Art Auction Data: Exploratory Data Analysis, Andy Warhol Case Study
A series of posts related to an art auction price model project.
Art Auction Data: Exploratory Data Analysis, Andy Warhol Case Study
Now that I have a better sense of how the various features in this dataset relate to realized price, I want to look at a specific artist, since my sense is that individual artist markets obey their own unique logics. (In fact, I’d wager that this is true at an even more granular level of specific bodies of work, but I digress.)
Introductory Notes
Much of this analysis follows a similar trajectory as the more general EDA I’ve done for this dataset, except this time with an eye towards the specific logic of Andy Warhol’s painting market for the past 30-40 years.
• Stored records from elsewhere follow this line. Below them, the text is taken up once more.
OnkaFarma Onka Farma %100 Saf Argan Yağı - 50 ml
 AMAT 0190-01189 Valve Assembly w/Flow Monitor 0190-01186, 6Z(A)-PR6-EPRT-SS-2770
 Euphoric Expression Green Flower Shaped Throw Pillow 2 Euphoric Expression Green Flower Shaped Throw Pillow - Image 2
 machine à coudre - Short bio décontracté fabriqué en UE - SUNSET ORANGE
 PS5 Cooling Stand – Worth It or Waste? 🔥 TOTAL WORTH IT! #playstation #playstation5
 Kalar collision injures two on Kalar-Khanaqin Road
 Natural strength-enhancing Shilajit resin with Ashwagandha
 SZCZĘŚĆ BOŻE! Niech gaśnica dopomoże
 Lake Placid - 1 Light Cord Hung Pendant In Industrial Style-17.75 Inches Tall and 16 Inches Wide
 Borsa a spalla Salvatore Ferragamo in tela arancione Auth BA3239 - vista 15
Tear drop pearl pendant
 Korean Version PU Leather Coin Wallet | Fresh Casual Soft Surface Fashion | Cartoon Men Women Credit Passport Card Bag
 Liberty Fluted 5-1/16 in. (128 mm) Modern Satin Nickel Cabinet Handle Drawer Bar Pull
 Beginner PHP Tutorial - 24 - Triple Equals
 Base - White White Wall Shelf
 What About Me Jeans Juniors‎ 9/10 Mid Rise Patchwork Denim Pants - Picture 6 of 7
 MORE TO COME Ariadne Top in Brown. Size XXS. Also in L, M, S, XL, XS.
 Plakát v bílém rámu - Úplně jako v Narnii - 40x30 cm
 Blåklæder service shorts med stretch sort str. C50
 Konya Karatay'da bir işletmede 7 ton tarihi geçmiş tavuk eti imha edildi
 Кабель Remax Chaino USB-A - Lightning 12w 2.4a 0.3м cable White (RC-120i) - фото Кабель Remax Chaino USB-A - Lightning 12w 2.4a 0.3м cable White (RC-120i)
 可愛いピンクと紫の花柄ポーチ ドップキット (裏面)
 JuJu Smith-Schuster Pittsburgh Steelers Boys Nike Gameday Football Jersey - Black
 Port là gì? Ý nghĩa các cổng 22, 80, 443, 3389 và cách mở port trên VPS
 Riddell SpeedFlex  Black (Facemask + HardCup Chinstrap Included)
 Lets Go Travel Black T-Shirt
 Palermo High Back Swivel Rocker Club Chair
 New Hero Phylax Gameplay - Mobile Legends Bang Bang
As with the general EDA for this project, I have opted to use constant 2022 dollars rather than nominal dollars from each observation’s given auction year in order to eliminate the inflation variable from analysis to the extent that this is possible. This means that price differences we see in similar artworks should be a function of Warhol’s painting market accruing value.
1. Warhol’s Auction Price Distribution is Positively Skewed but Log-Normal
As with the more general dataset, Warhol’s auction prices show an aggressively positive skew but are log normal.
As we can see, the distribution has an aggressive positive skew, with one sale approaching \$200M–much higher than the median sale price, which looks closer to \$300k or so.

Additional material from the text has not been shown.